We have unique and extensive access to both the most promising startup businesses and entrepreneurial ecosystems, and to the most powerful and influential corporations in the world. In addition to startups, corporates can access to most exciting research and development coming out of universities and research institutions. If you are an innovation hungry company or technology buyer we can give you access to the most cutting edge IP and technologies being developed on campuses globally. If you are looking to develop new businesses we can build them with you. We source ideas from our corporate partners and develop them in our incubator. This is often far more effective than committing huge amounts of resources and spending large sums of money and time on internal innovation teams or in-house accelerators that can often be very inefficient.
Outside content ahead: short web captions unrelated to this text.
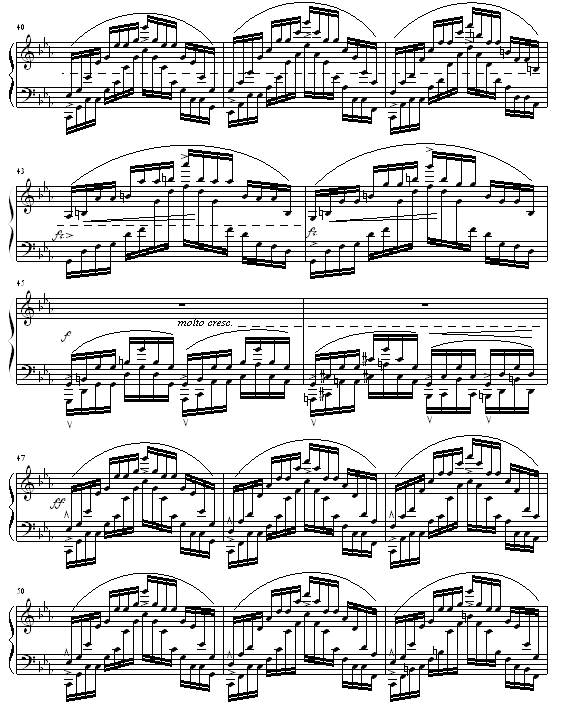 琶音练习曲(钢琴谱)5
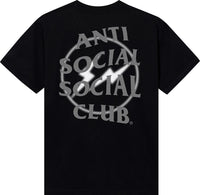 Anti Social Social Club x Fragment Design Half Tone Logo Tee - Black/Grey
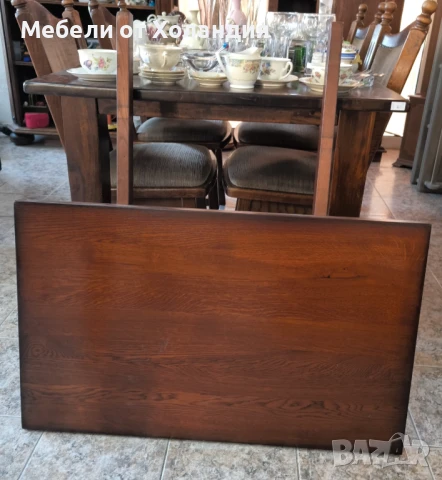 Масивна дъбова разтегателна маса, снимка 9 - Маси - 50999545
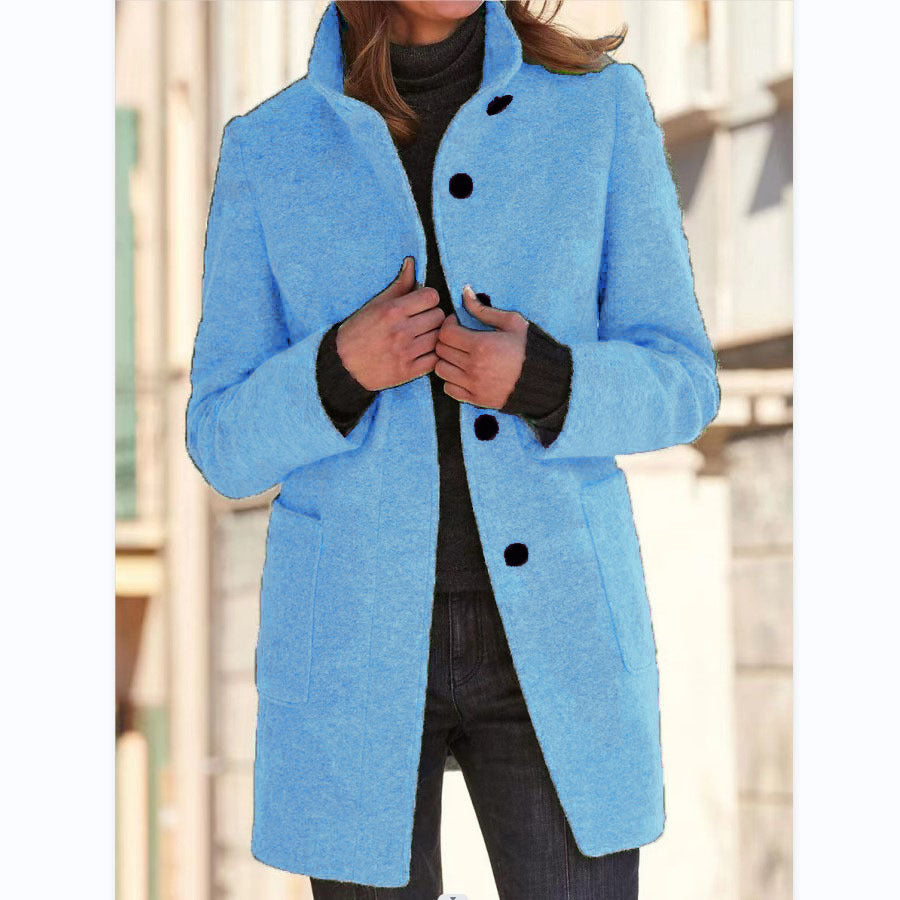Winter Casual Button Outwear For Women Clothing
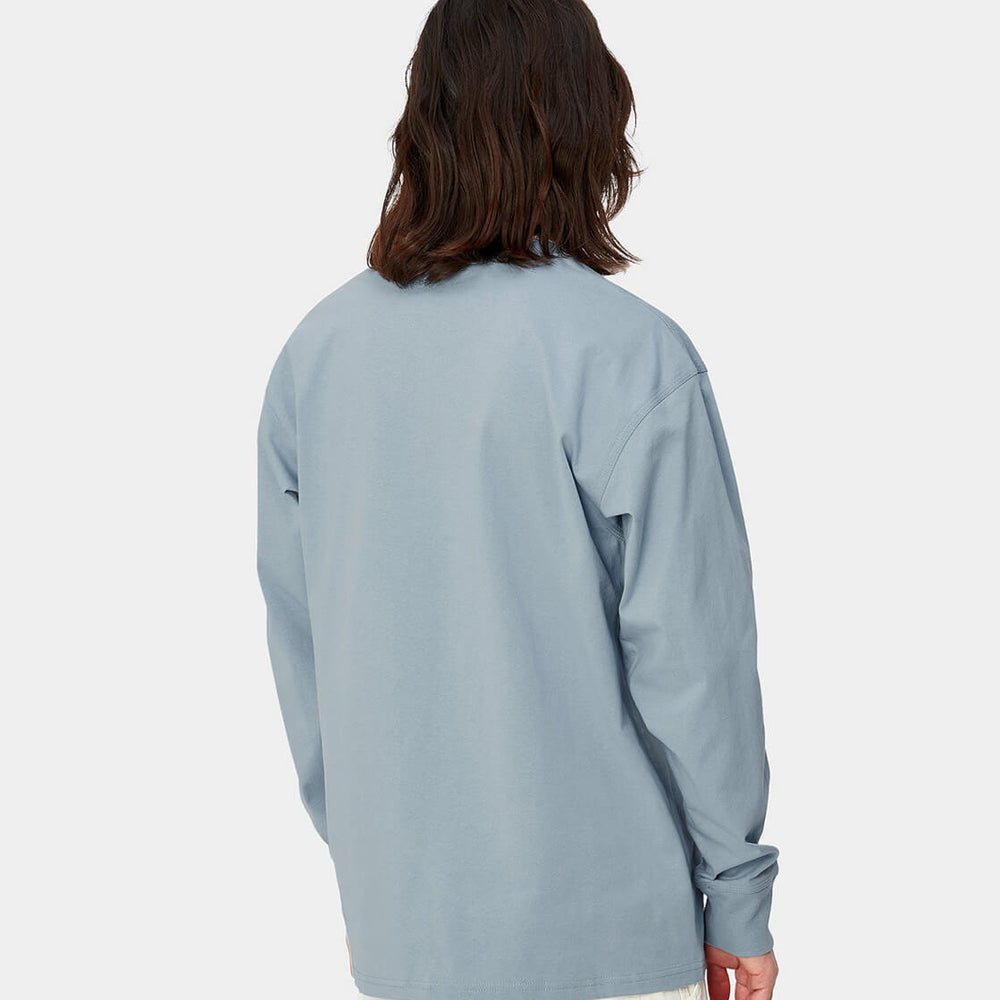 
                      
                        Carhartt WIP Longsleeve American Script blue frosted
                      
                    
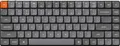 Produktbild: K3 Max (grau/orange, DE-Layout, Gateron Low Profile 2.0 Mechanical Red, Hot-Swap, Aluminiumrahmen, RGB)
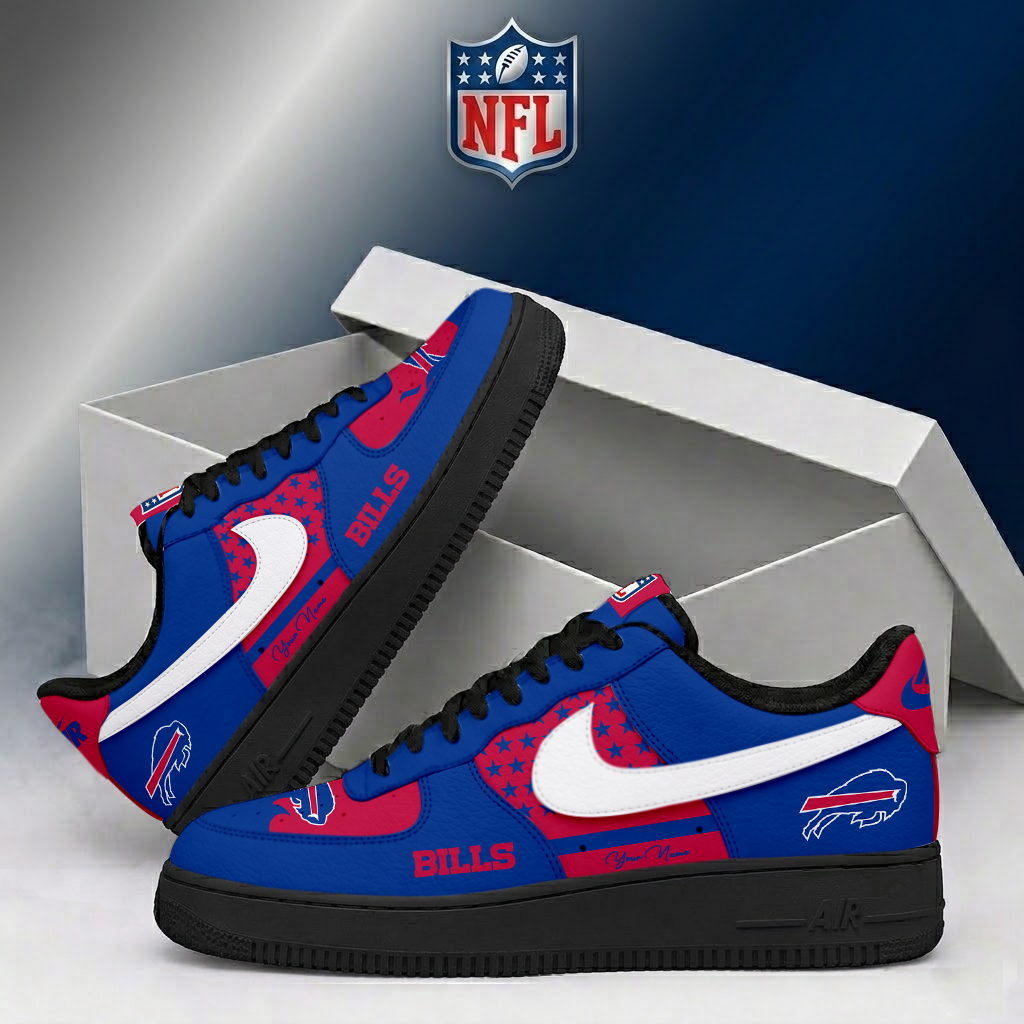 LIMITED EDITION - NEW CUSTOMIZED NFL03 BFB BUFFALO BILLS AF1 SHOES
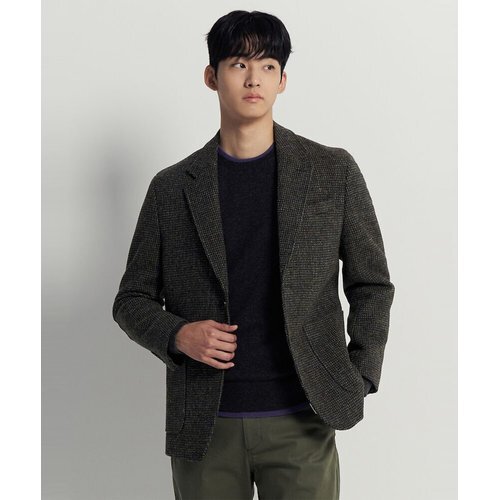 빈폴 빈폴 멘 해리스 트위드 미니 체크 재킷 블랙 BC5911C125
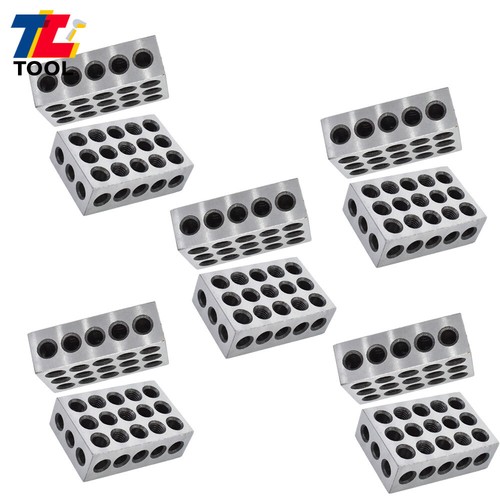 5 MATCHED PAIRS ULTRA PRECISION 1-2-3 BLOCKS .0001" MACHINIST 123 23 HOLES - Picture 2 of 13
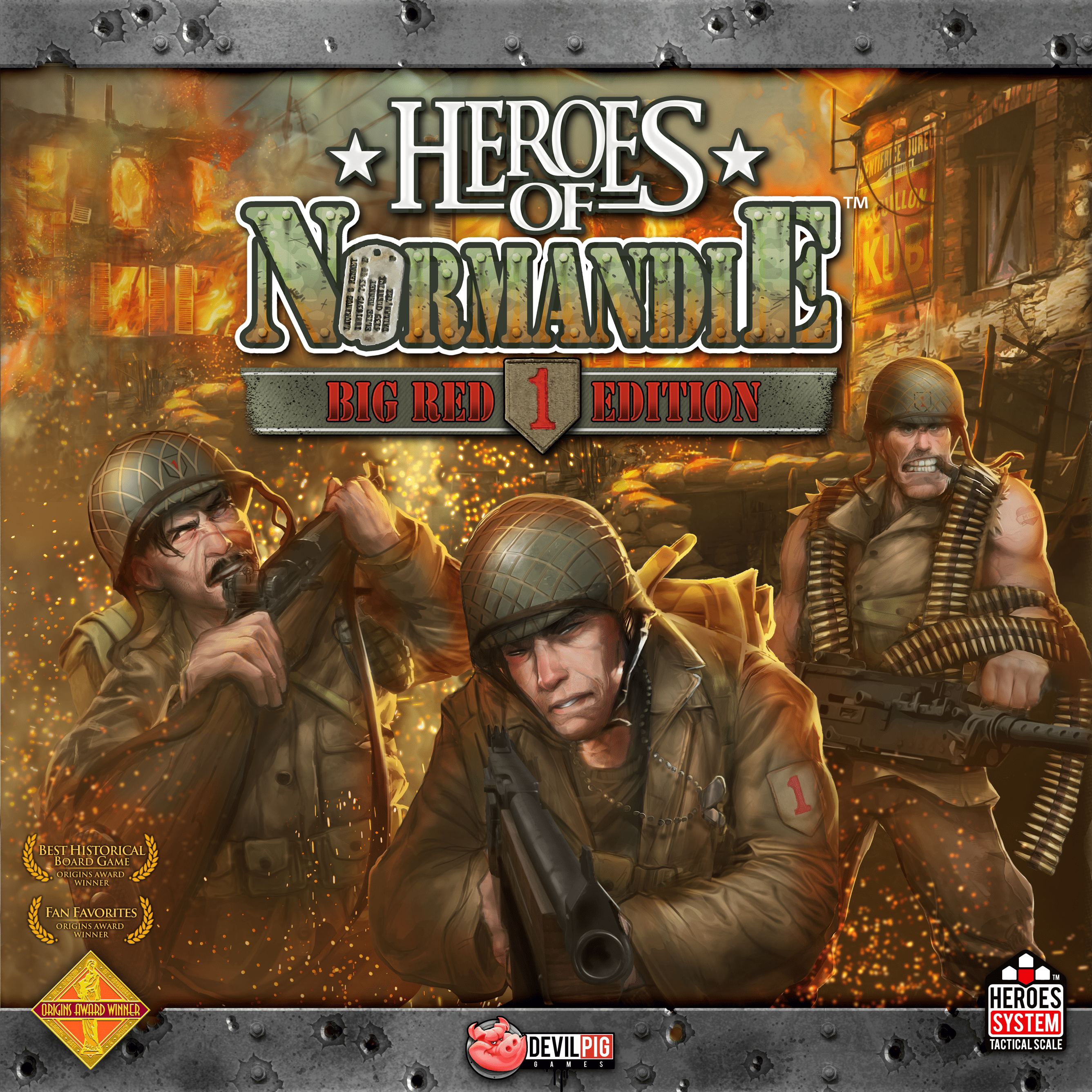 Heroes of Normandie: Big Red One Edition box art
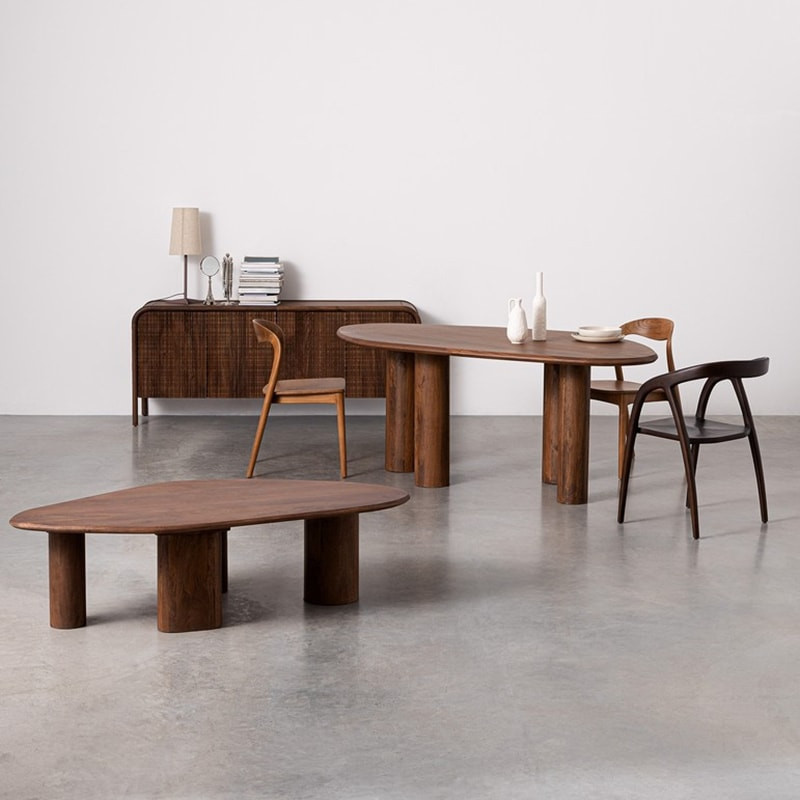 Table basse organique en bois de manguier - Sanoa 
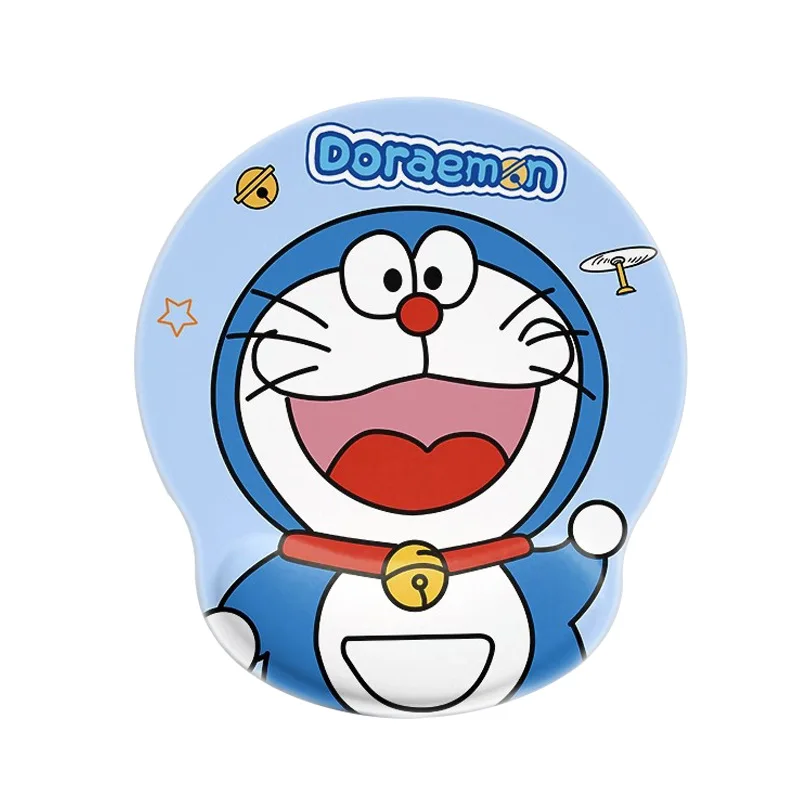 Коврик для мыши серии Kawaii Doraemons с мультяшными персонажами, креативный, милый, с принтом, силиконовый, с подставкой для запястья, офисные принадлежности (art.: 3920db17d8ceb) - 3920db17d8ceb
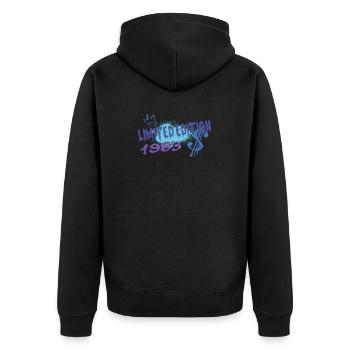 Limited Edition 1983 Birthday Born 1983 - Unisex Premium Organic Zip Hoodie - black - Back - Nico (187cm)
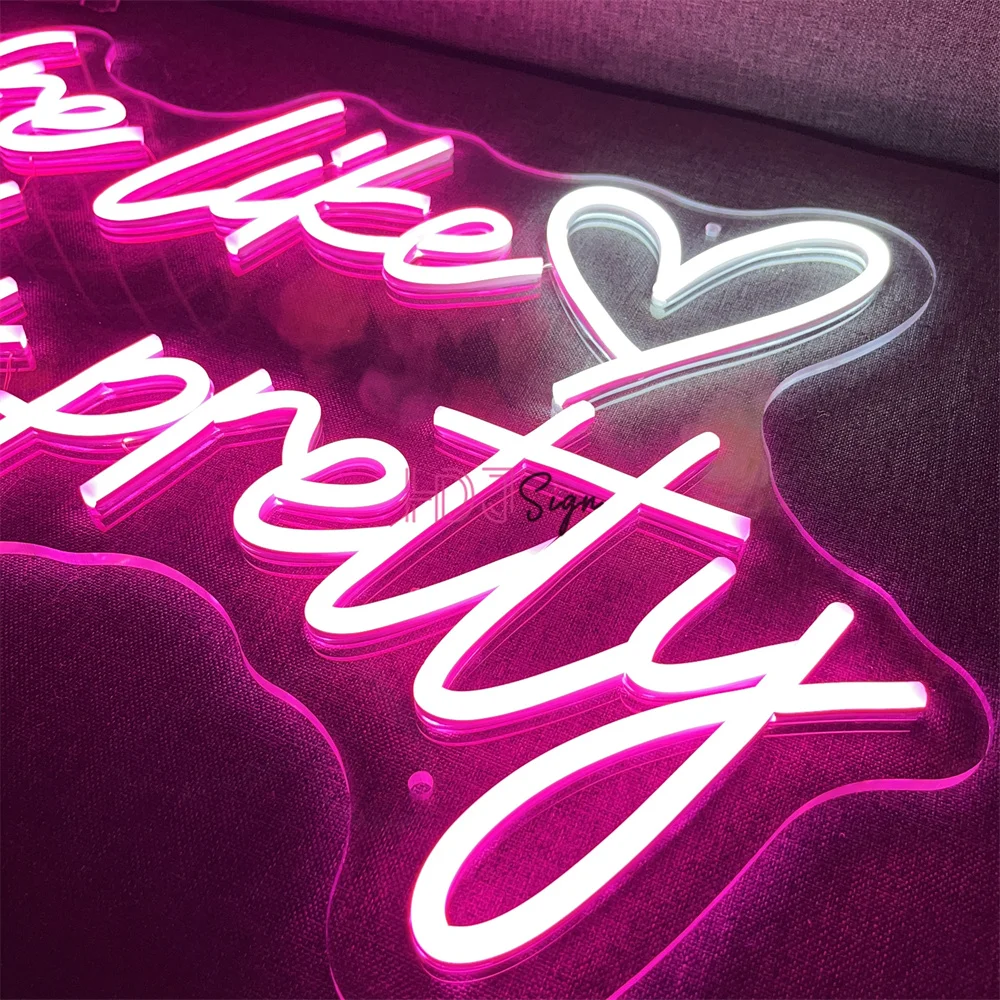 You are Like Really Pretty Neon Sign Art Wall Hanging Decor Led Neon Lights Sign Wall Lamps Wedding Party Room Wall Decoration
For corporates we seek to help you avoid the dreaded ‘Kodak moment’ and can consult you on the best approaches and practices and design programmes and models with you. Doing it all on your own in-house can be a large drain on resources as you try different options to get it right. Often you may fall short of achieving your desired results with significant costs and time loss. In the worst cases all this can lead to reputational damage. We help you avoid making the mistakes of creating environments that generate little results beyond just good brand association, that attract the wrong companies or too few at all and that do not provide the tailored support required for startups to succeed. We have a great wealth of experience in brokering the relationships between both sides, designing programmes and initiatives that add value and are high quality. We understand what to look for, where the pitfalls are, and what often works and what does not. We often find that the hardest part is at the earlier stage with issues around lack of internal buy-in, the levels of resources and investment required and the desired impact. We work with corporates to understand their desired goals and realistic expectations from collaboration and then come up with a plan for the best courses of action and success metrics. We do the same for startups. For each partner, any collaboration can be ruined from the beginning if they do not understand what the other side is looking for, and so we help them understand each other’s perspectives and goals, so that the relationship can be a mutually beneficial one. We give both sides the time, attention and sensitivity required for successful collaborations between innovation-seeking companies and ambitious startups.